Type-Safe Configs in C99: Why I Prefer Code-Gen over Parsing

In the world of C, configuration is often a “stringly-typed” nightmare.

Most developers reach for a JSON or YAML parser. At runtime, you load a file, traverse a tree of generic Value nodes, and manually cast strings to integers while praying you didn’t miss a null check. If a user provides a string where a port number should be, your application might crash, or worse, start up in a “half-broken” state that only fails hours later.

I built cfgsafe to treat configuration as a compiled asset rather than a runtime mystery. It uses a declarative schema to generate a strongly-typed C99 single-header library, shifting the burden of validation from your application’s hot path to the build-step.

cfgsafe

A declarative schema-driven configuration engine for C99, generating strongly-typed and memory-safe code.

CSECURITYAOT

Manual LoC: Adding an Integer Field (with Range Validation)

The delta here isn’t just about brevity; it’s about defensive programming. In a standard JSON library, adding a single validated integer requires:

Updating the C struct.
Fetching the object key.
Validating the existence of the key.
Validating the value type (is it actually an int?).
Validating the business logic (is it in range?).
Writing 3 separate error-handling branches.

With cfgsafe, you write one line in the schema. The other 15 lines of boilerplate are moved into the generated header, where they are guaranteed to be correct.

The Workflow: 3 Steps to Type-Safety

cfgsafe replaces runtime guesswork with a predictable build-time pipeline.
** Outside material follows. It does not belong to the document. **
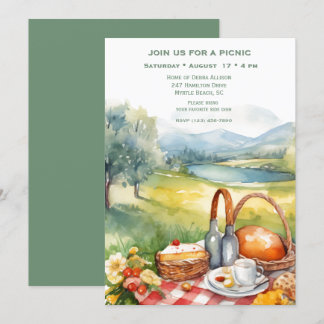 Invitation Pique-nique pittoresque Lakeside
Define: Create a .schema file using the cfgsafe DSL. Here you define your types, constraints (ranges, regex), and data sources (Env, CLI).
Generate: Run the cfg-gen tool. It parses your schema and outputs a single config.h header containing a native C struct and a robust validation engine.
Load: Call the generated Config_load function in your main(). It atomically resolves all values from files, env vars, and CLI flags (passing argc and argv), validates them, and populates your struct.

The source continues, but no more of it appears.